The trial, titled, “A Phase I, Open-Label, Dose-Escalation, Safety, Pharmacokinetic and Pharmacodynamic Study of Kevetrin (thioureidobutyronitrile) Administered Intravenously in Patients with Advanced Solid Tumors,” will be conducted for the determination of the pharmacokinetics, pharmacodynamics, tolerance, safety, and maximum tolerated dose in patients with the diagnosis of refractory solid tumors. Approximately 40 patients will be enrolled in the dose escalation portion of study. In addition, once the MTD has been established, up to 12 additional patients may be enrolled at the MTD dose level to further evaluate this dosage safety and pharmacodynamics.
The Principal Investigator for the trial is Geoffrey Shapiro, MD, PhD, Director, Early Drug Development Center and Associate Professor of Medicine, Harvard Medical School.
The primary objectives are:
- To determine the maximum tolerated dose (MTD) of Kevetrin.

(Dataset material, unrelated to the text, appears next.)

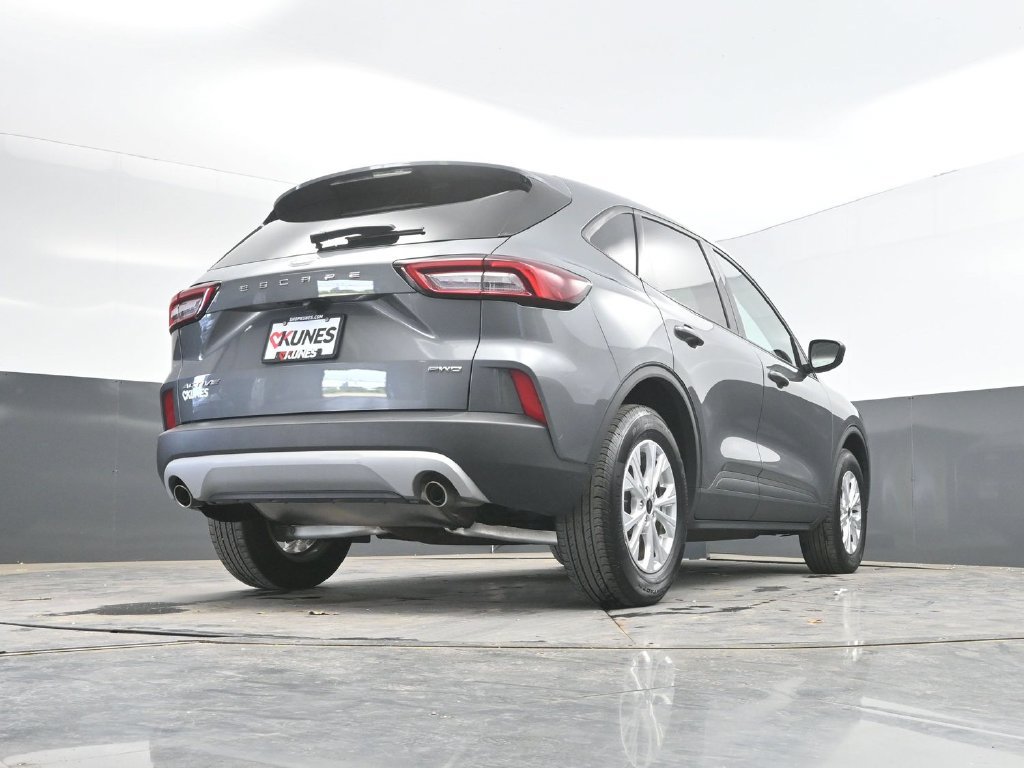 Used 2025 Ford Escape Active AWD/4WD image 36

- To determine the dose limiting toxicities (DLT) of Kevetrin.
- To establish a safe dose level of Kevetrin that can be used for future studies.
The secondary objectives are to determine the following:
- The pharmacokinetics of Kevetrin in humans.
- Observe for evidence of antitumor activity following administration of Kevetrin.
- If there is a pharmacodynamic relationship between the plasma concentrations of Kevetrin and a clinical/cellular effect.
- If Kevetrin induces changes in the biomarker p21 in peripheral blood lymphocytes.